#### RECORDS FOR THE TASK:
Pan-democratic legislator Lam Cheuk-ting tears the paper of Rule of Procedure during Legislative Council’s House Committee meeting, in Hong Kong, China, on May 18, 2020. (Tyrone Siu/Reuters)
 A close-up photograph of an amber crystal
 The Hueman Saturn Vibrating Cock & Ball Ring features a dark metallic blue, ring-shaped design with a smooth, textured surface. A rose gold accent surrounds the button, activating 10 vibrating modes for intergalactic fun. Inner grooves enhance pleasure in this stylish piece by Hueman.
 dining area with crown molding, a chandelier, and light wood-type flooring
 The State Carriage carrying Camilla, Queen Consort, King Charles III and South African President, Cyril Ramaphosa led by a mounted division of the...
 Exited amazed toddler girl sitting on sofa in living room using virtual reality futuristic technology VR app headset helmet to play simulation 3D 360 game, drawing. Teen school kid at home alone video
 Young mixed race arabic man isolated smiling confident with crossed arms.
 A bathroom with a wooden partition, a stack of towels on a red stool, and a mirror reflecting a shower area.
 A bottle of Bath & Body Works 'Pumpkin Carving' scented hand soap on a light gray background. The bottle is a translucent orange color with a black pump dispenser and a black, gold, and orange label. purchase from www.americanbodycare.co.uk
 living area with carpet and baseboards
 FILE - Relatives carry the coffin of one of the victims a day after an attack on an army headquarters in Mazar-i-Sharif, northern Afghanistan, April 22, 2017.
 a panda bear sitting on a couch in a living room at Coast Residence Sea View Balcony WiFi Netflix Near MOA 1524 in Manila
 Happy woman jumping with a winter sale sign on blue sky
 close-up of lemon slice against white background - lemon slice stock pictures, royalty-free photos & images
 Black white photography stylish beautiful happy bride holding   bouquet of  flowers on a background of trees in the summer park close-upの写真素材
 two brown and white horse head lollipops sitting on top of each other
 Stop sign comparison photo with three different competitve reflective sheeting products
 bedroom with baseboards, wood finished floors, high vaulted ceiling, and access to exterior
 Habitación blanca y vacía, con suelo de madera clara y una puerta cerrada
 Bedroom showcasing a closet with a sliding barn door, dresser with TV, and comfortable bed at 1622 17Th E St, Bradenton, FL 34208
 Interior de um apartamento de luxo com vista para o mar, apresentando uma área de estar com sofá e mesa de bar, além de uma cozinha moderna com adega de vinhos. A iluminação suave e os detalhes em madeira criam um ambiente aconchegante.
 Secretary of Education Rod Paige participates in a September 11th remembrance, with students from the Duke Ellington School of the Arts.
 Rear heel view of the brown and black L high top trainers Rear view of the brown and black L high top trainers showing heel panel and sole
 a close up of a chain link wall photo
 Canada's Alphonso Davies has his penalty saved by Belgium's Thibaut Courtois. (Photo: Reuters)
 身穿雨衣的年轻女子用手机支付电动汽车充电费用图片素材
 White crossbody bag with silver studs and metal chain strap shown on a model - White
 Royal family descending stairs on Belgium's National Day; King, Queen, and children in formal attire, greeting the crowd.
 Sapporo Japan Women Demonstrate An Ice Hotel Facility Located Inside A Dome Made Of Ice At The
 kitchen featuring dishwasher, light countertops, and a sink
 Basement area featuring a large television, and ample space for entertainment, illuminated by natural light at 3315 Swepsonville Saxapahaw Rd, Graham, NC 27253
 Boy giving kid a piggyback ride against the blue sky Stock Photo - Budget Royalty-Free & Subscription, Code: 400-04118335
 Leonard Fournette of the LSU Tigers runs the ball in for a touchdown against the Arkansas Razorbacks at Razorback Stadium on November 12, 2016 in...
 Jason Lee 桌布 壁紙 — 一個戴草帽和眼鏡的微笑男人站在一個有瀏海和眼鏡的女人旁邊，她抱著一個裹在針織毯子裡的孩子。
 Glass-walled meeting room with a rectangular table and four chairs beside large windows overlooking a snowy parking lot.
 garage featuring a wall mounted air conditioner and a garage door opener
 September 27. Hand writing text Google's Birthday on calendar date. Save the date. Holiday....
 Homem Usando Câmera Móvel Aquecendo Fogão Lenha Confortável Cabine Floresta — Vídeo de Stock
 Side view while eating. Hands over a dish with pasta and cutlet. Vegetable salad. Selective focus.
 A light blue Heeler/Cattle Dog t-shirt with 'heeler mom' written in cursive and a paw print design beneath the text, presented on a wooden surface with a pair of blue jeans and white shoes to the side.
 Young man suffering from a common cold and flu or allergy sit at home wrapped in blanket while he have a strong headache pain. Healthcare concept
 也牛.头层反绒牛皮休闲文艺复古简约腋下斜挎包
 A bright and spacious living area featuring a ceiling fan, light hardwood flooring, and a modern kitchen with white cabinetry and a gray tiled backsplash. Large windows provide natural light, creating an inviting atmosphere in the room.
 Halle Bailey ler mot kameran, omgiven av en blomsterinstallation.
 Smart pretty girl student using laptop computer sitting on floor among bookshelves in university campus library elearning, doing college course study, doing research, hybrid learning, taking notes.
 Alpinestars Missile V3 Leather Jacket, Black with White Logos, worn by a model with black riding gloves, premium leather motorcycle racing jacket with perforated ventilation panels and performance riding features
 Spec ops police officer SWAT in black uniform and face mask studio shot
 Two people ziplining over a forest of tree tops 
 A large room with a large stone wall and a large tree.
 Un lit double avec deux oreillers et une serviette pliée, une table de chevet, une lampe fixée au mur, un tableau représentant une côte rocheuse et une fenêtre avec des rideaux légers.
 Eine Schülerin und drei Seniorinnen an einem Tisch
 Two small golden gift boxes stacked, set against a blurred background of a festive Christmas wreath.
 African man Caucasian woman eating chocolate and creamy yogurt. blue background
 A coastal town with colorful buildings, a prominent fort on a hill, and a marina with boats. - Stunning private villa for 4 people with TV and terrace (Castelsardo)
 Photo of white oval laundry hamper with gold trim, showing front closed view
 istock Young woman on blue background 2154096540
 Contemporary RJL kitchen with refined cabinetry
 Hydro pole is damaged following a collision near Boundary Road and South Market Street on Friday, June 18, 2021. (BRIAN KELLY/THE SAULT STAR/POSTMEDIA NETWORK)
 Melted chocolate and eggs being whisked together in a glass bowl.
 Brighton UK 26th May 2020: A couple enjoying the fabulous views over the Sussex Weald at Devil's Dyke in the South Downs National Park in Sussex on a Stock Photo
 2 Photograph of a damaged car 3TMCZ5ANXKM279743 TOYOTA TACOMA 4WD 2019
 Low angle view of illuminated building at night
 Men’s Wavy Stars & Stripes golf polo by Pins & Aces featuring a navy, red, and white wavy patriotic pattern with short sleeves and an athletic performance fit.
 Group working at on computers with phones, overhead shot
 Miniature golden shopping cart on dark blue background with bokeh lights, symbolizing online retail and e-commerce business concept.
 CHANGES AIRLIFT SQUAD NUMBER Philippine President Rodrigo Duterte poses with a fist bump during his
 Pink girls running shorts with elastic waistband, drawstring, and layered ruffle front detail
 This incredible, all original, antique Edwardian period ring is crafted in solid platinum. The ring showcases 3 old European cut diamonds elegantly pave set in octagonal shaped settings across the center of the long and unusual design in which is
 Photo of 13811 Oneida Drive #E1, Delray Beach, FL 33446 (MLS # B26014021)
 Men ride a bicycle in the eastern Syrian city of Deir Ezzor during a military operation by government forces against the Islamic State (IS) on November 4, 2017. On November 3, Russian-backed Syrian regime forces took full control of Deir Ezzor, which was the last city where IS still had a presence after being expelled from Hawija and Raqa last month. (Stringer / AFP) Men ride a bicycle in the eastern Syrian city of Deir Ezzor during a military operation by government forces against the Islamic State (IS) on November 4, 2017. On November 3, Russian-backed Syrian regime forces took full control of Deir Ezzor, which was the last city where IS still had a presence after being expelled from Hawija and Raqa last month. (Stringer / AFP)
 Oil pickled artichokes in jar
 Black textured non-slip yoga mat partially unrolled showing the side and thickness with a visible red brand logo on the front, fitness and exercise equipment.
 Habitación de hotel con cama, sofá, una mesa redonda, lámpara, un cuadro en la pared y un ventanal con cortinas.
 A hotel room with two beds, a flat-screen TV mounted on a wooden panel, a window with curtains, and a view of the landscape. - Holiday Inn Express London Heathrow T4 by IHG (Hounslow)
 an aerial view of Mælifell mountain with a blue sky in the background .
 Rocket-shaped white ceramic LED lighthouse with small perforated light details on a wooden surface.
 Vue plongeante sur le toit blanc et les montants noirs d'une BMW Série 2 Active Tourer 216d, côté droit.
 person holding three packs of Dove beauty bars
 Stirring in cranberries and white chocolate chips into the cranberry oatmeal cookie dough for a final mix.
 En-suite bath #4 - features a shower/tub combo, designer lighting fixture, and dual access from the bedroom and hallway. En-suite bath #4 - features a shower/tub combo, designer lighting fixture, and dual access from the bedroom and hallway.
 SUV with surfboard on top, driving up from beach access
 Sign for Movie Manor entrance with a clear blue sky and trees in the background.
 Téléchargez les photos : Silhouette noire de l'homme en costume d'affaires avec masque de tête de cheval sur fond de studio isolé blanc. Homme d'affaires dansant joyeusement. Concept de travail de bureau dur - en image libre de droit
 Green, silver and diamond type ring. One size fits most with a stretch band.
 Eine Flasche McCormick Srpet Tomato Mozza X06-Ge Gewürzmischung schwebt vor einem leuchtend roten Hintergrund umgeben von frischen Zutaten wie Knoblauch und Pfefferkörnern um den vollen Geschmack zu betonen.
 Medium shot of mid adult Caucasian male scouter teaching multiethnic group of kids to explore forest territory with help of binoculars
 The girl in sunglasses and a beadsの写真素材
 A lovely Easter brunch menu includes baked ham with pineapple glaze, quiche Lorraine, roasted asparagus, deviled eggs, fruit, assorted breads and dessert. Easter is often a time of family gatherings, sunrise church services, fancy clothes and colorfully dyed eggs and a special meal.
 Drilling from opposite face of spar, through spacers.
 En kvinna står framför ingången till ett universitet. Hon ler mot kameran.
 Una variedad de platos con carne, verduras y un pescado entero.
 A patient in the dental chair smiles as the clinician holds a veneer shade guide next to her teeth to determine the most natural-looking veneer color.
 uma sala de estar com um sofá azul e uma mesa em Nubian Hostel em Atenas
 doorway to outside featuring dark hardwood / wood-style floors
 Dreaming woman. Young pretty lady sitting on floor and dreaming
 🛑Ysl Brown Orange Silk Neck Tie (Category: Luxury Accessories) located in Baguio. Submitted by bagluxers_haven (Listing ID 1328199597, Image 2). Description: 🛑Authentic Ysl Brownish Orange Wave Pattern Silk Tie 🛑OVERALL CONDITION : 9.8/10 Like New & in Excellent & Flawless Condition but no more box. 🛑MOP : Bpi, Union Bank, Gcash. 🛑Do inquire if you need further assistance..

#### WHAT IS BEING ASKED:
Restate the listing word for word, but only from its first line through the line with "A close-up photograph of an amber crystal", keeping both end lines.

#### RESULT FOR THIS EXERCISE:
Pan-democratic legislator Lam Cheuk-ting tears the paper of Rule of Procedure during Legislative Council’s House Committee meeting, in Hong Kong, China, on May 18, 2020. (Tyrone Siu/Reuters)
 A close-up photograph of an amber crystal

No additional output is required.